The U.S. Securities and Exchange Commission (SEC) has delayed its decision on the spot Dogecoin ETF application by 21Shares. The government agency needs another 45 days to approve or deny the spot Dogecoin ETF prospectus.
21Shares Dogecoin ETF was delayed as the SEC seeks more time to further evaluate whether the proposed ETF meets listing and trading requirements under Nasdaq Rule 5711(d), according to a US SEC filing. It has sparked both curiosity and unease in the Dogecoin community. ETF approval is critical for DOGE’s broader acceptance and value growth.
The Commission finds it appropriate to designate a longer period within which to take action on the proposed rule change so that it has sufficient time to consider the proposed rule change and the issues raised therein.
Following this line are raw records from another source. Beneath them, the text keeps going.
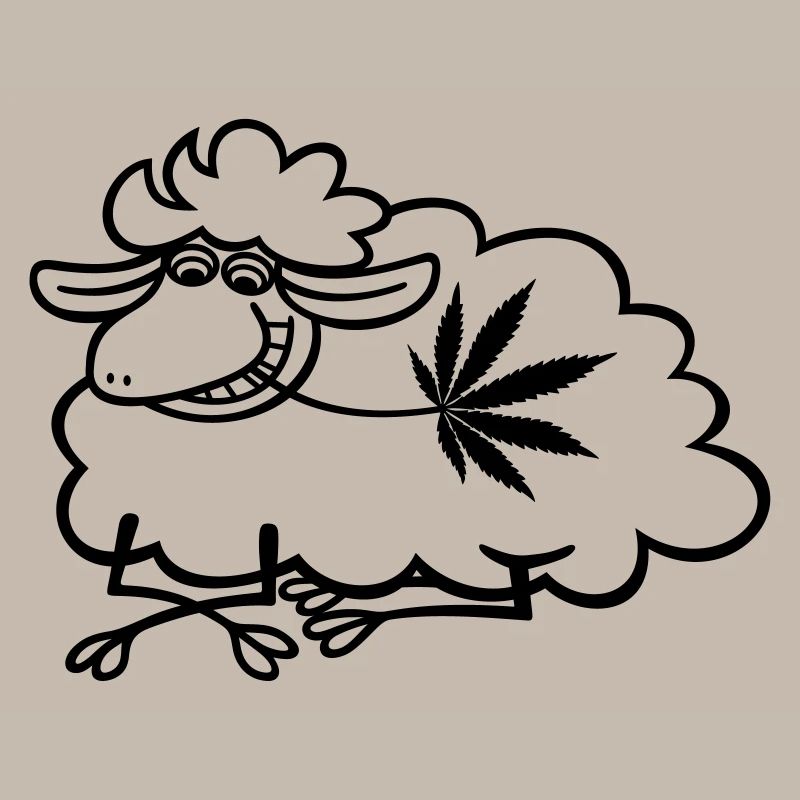 Schaf Hanf liegend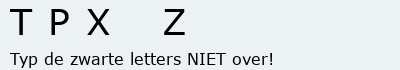 Bevestigingscode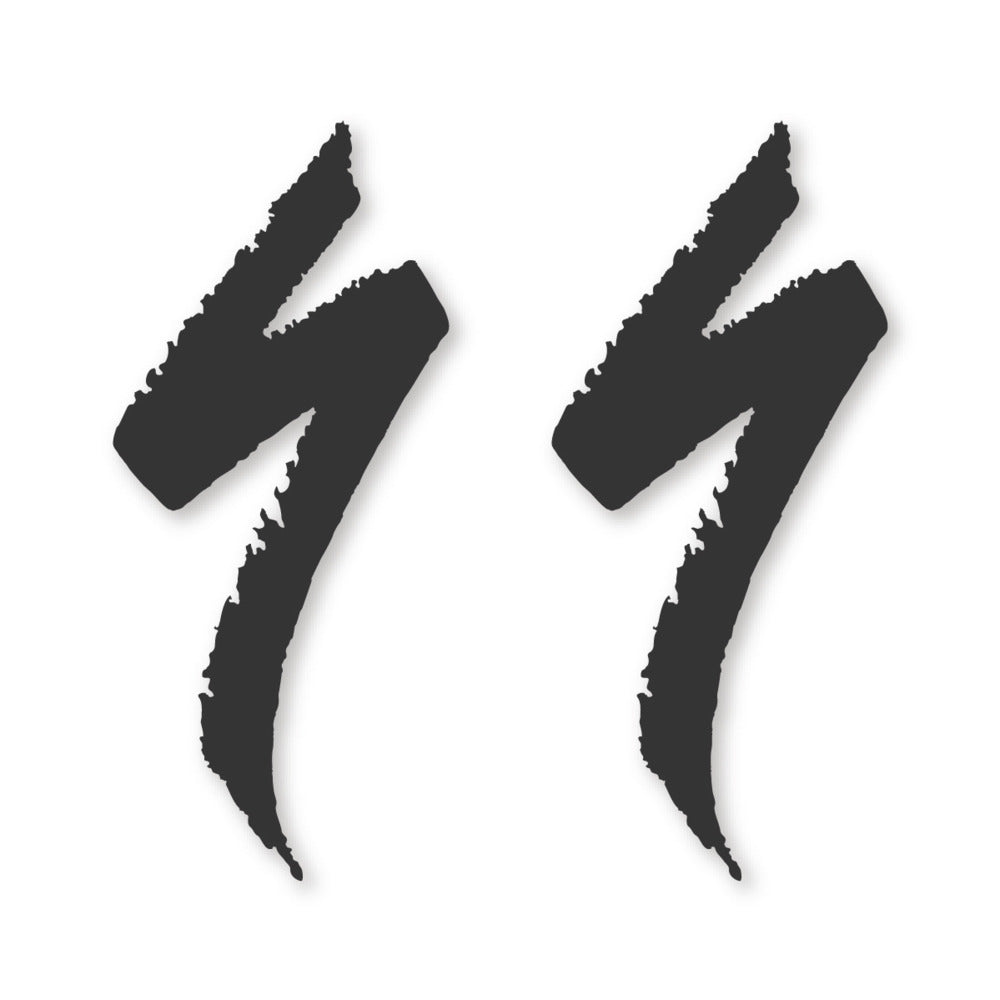 Stickers for Specialized Frame Logos vinyl decals - Very Dark Grey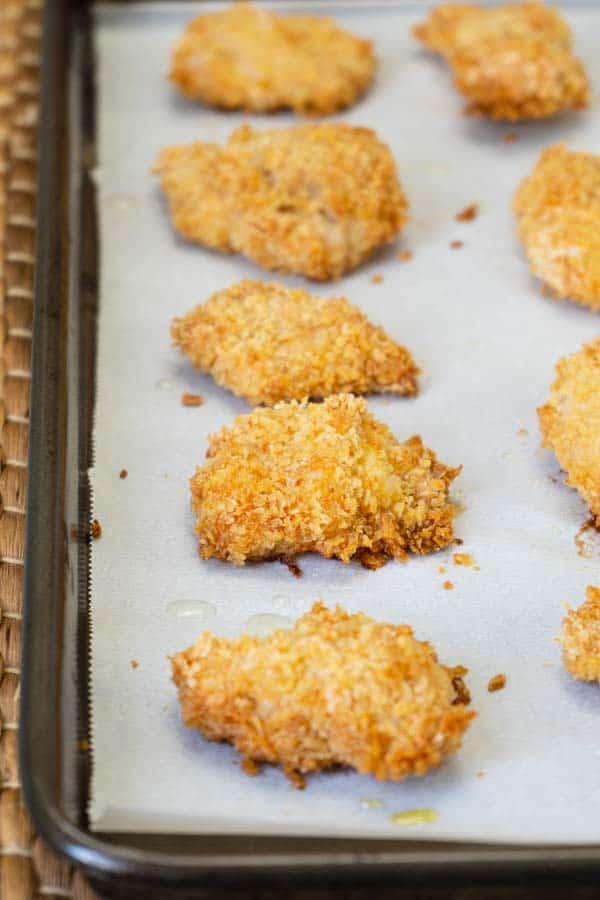 Baked Panko Chicken Poppers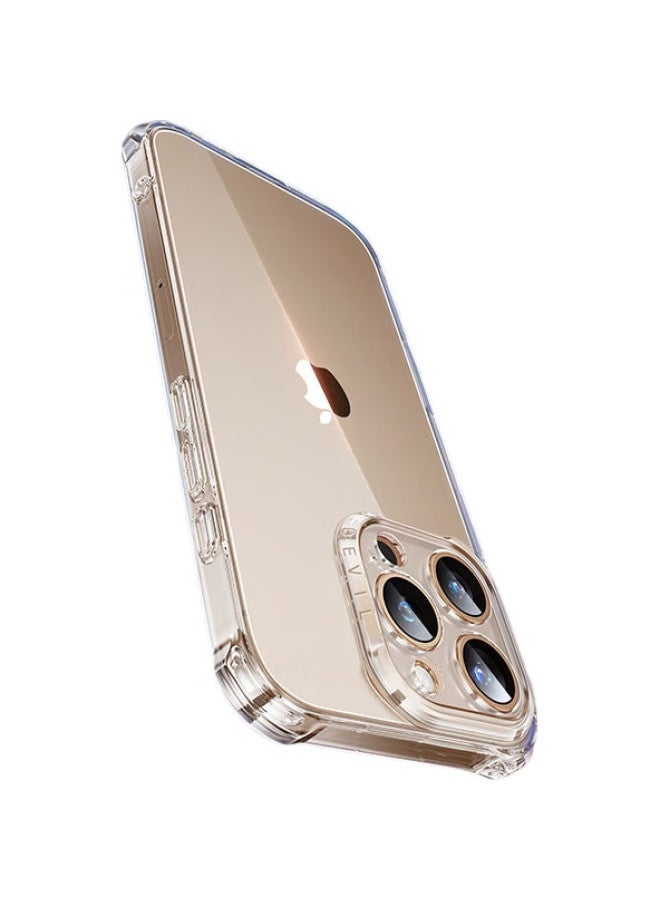 Smartdevil Iphone 16 Pro Max Case, Shockproof Airbag Protective Cover, Ultra-Thin Full Lens Protection, Transparent Soft Shell, Anti-Yellowing, Wear-Resistant, Unisex Design - Image 1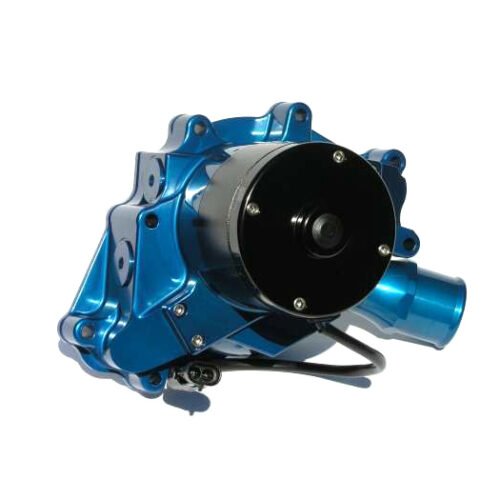 SBF Billet Electric W/P – Hi-Flow – Blue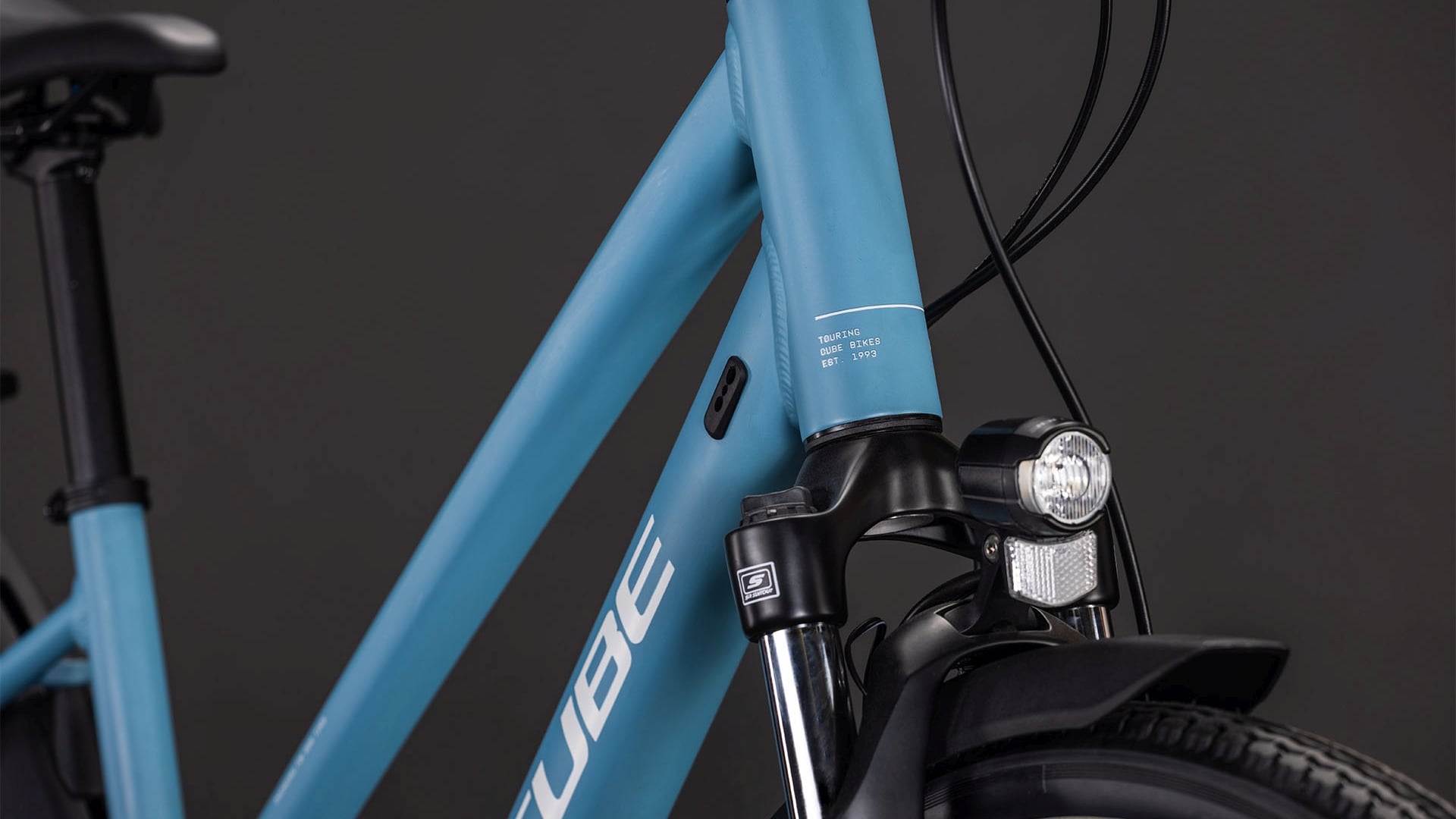 CUBE TOURING ONE Touringcykel - blåfågel och grå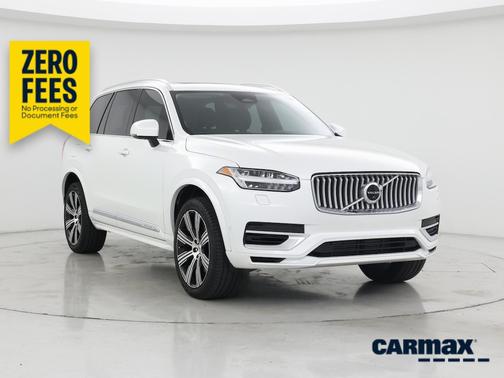 White 2023 Volvo XC90 Recharge Plug-In Hybrid T8 Plus Bright Theme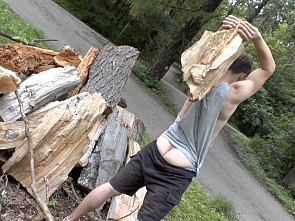 Outdoor Muscle Worship - Part1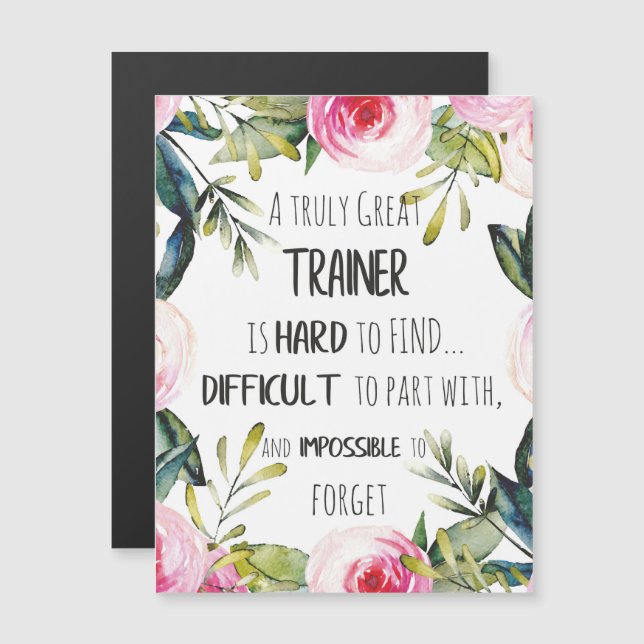 Citation d'appréciation de l'entraîneur Merci reco (Devant / Derrière)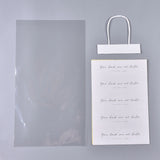 2 Set Transparent BOPP Plastic Gift Bag with Sticks & Handle, Flower Packing Bags, Recycled Bags, for Wedding, Birthday, Baby Shower, Clear, Bag: 45x25x0.01cm, 10pcs/set, Sticks: 20x6.1x0.02cm, 20pcs/set, Handle: 14x15~15.5cm, 20pcs/set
Nasdaq filed to list the 21Shares Dogecoin ETF on April 28, followed by a publication in the Federal Register on May 19. This designates the SEC to make its final decision by August 17.
Grayscale and Bitwise are other issuers seeking approval from the US SEC. Meanwhile, Bloomberg ETF analysts have raised the odds for Dogecoin ETF approval to 90%.
DOGE price fell more than 1% in the last 24 hours but continues to move range-bound near $0.165 for a week. The price was trading at $0.163, with a 24-hour low and high of $0.1623 and $0.1678, respectively. However, the trading volume has increased by 13% in the last 24 hours, indicating interest among traders.